AJP - Endocrinology and Metabolism, Vol 266, Issue 4 E676-E681, Copyright © 1994 by American Physiological Society
Endocrine interactions: adrenal steroids and precursors
G. T. Taylor, J. Scherrer, J. Weiss and J. Pitha
Laboratory of Psychobiology, University of Missouri, St. Louis, Missouri 63121.
Adult male rats (n = 48) were castrated and treated daily for 4 wk with
adrenal steroids in the presence or absence of adjuvant testosterone.

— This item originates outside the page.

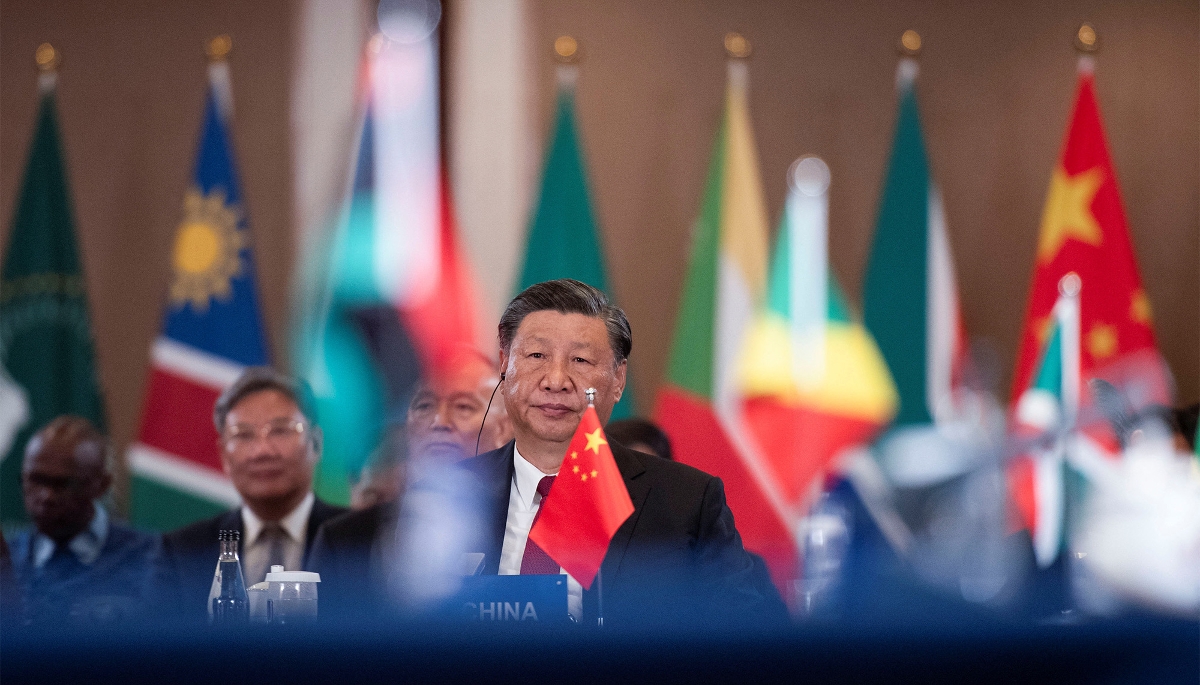 Le président chinois, Xi Jinping, à Johannesburg, en août 2023.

Dehydroepiandrosterone (DHEA), DHEA sulfate, and androstenedione (2 mg/kg
body wt) were administered as cyclodextrin complexes to mimic the
pharmacodynamics of the endogenous products. Although they are the
substrates for testosterone synthesis in target tissues, supplements of
adrenal steroids alone were unable to maintain integrity of sociosexual
responses and androgen target tissues after castration. More surprising,
groups administered adrenal precursor plus testosterone showed substantial
suppression of the typical restoration of reproductive systems in castrates
receiving androgen therapy. The adrenal steroids, however, were not
functionally identical. Each steroid interacted with testosterone to leave
its own distinctive "footprint" on androgen-sensitive systems. The
conclusion is that the endogenous adrenal products are not simply passive
precursors of testosterone. Adrenal steroids may serve as endocrine
regulators of androgen bioavailability and bioactivity.